La déclaration d'appel a été signifiée à la société OCMJ, représentée parMe [X], en qualité de mandataire liquidateur de la société AFME, intimée défaillante , par acte du 04 novembre 2025.

Il est expressément fait renvoi aux dernières écritures des parties pour un plus ample exposé de leurs prétentions et moyens conformément aux dispositions des articles 455 et 954 du code de procédure civile.

MOTIVATION

* validité du contrat principal de vente

Pour faire droit à la demande d'annulation de ce contrat le tribunal a jugé

- que le bon de commande du 31 octobre 2017 ne répondait pas aux exigences légales d'un contrat de vente entre un professionnel et un consommateur, comme ne comportant aucune référence du matériel, ni la référence ni le rendement des panneaux,

- que la présentation de l'opération comme une opération blanche entièrement autofinancée par les revenus provenant de la production d'énergie et son rachat par la société EDF et la perspective d'avantages financiers constituant le principal argument de vente constituaient des informations trompeuses n'ayant pour seul but que de le mettre suffisamment en confiance pour le déterminer à contracter, et constituaient des manoeuvres dolosives.

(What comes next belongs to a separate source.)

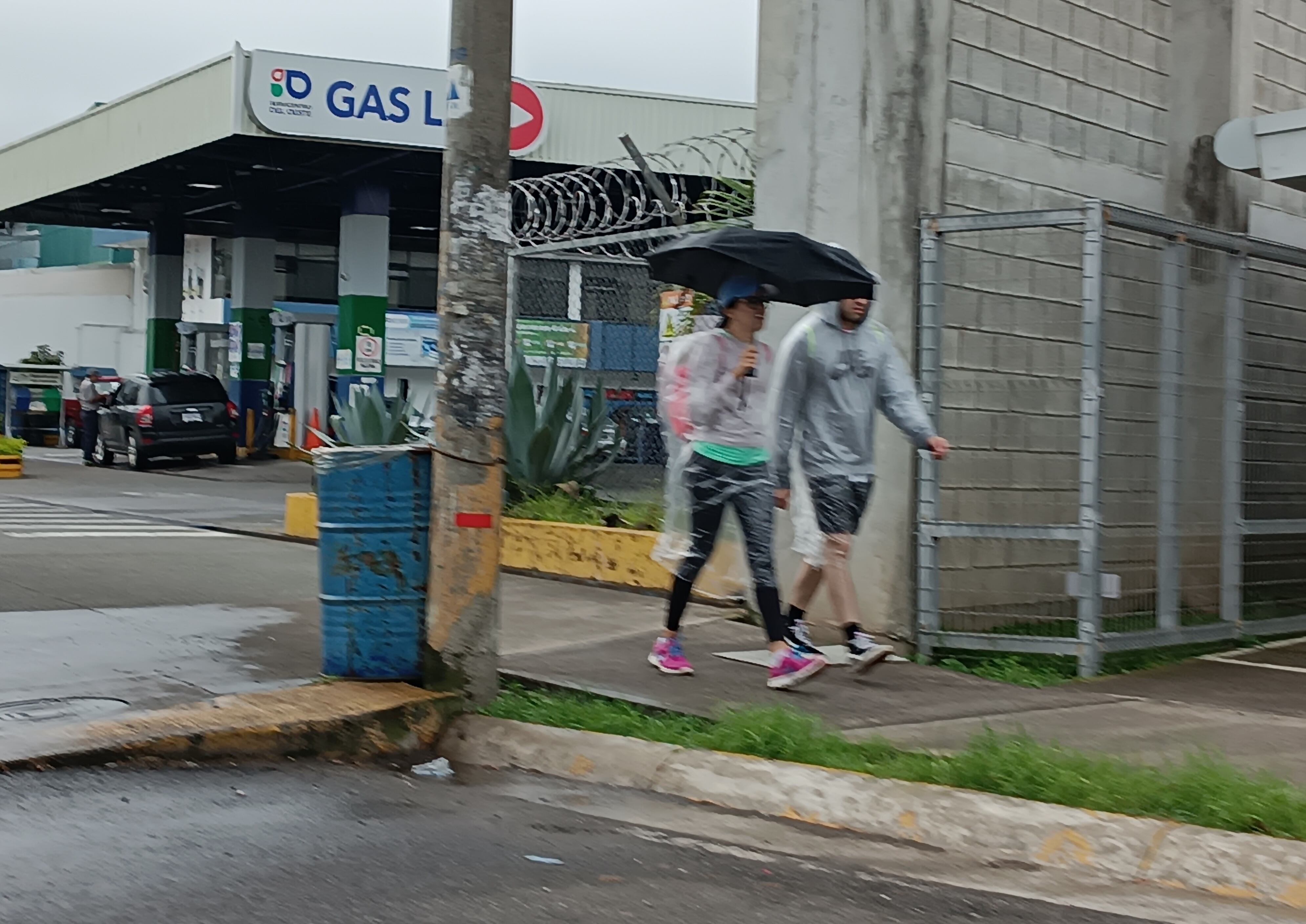 Así como esta pareja encontró lluvias en su camino a la basílica de Los Angeles la tarde de este jueves, se prevén lluvias el fin de semana, por lo que capa, sombrillas y paraguas puede ayudar. Foto: Keyna Calderón.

L'intimé soutient que le bon de commande ne comporte qu'une indication sommaire des biens ou services proposés et est peu lisible ; qu'il n'indique ni le modèle ni la référence, ni le poids ni la dimension ni l'inclinaison des panneaux photovoltaïques ni leur type ni la méthode de leur incorporation au bâti ; que s'agissant des onduleurs, aucune indication n'est fournie notamment sur leur marque, leur puissance et leur type ; qu'alors que l'installation était prévue pour l'autoconsommation, aucune mention d'une batterie de stockage ne figure parmi les produits désignés non plus qu'aucun détail sur la nature exacte des travaux, ne lui ayant pas permis de mesurer l'impact de ceux-ci sur son habitation et d'y consentir de manière éclairée ni de déterminer les garanties légales en responsabilité incombant au professionnel intervenant ; qu'enfin aucun détail n'y a été donné sur les démarches administratives nécessaires, l'empêchant de connaître l'exactitude des obligations contractuelles mises à la charge du vendeur.

Il soutient que ce contrat étant un contrat hors établissement, cette société qui ne rapporte pas la preuve que les informations précontractuelles ont été portées à sa connaissance ne satisfait pas aux obligations d'ordre public mises à sa charge par le code de la consommation, sans qu'il soit besoin d'apprécier si ces éléments ont été déterminants de son consentement, s'agissant d'une nullité d'ordre public.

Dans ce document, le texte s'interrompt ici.